= Material supplied =
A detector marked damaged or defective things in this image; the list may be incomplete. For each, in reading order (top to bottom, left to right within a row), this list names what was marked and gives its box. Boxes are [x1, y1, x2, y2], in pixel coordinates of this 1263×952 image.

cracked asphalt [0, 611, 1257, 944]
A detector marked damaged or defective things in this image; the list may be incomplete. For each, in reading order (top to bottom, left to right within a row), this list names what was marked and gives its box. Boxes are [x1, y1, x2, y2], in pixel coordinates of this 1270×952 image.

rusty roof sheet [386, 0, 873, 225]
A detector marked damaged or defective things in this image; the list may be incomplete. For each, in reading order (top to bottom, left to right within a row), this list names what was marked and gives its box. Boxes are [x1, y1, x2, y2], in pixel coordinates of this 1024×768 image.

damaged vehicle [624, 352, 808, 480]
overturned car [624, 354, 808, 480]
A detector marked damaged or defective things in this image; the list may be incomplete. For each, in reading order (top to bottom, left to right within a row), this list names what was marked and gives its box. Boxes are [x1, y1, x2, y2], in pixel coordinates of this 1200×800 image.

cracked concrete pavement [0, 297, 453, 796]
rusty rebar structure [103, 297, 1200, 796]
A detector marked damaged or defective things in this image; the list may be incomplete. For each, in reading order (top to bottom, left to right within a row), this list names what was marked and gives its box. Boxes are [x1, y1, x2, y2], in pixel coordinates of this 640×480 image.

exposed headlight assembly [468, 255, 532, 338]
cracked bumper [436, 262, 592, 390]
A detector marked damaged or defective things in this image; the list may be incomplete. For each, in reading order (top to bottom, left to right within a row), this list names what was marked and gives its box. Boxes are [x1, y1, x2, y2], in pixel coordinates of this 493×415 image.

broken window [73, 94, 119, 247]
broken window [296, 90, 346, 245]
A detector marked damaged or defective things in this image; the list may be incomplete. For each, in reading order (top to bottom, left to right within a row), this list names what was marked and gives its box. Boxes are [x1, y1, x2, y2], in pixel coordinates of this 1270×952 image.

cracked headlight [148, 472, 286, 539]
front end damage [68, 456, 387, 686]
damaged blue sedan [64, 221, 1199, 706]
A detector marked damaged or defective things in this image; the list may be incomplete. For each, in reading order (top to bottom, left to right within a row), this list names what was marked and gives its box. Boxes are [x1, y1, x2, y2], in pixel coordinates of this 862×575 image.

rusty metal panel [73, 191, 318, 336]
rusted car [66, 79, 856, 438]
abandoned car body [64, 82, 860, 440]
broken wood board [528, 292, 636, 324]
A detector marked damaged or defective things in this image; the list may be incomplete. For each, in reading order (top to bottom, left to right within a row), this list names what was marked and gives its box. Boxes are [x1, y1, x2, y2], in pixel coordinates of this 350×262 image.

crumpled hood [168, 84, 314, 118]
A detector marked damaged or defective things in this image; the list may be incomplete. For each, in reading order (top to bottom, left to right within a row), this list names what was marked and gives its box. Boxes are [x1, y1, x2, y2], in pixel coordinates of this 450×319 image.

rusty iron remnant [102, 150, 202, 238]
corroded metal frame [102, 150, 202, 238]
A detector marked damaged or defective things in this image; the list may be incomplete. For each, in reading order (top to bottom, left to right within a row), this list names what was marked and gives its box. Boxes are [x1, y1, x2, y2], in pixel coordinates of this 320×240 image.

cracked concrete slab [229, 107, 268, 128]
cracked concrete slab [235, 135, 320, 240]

= Task to complete =
Retype the lines of the material from the one containing "this 320×240 image." through the last line, exactly, and give no other lines.

= Solution to this problem =
A detector marked damaged or defective things in this image; the list may be incomplete. For each, in reading order (top to bottom, left to right within a row), this list names what was marked and gives its box. Boxes are [x1, y1, x2, y2], in pixel coordinates of this 320×240 image.

cracked concrete slab [229, 107, 268, 128]
cracked concrete slab [235, 135, 320, 240]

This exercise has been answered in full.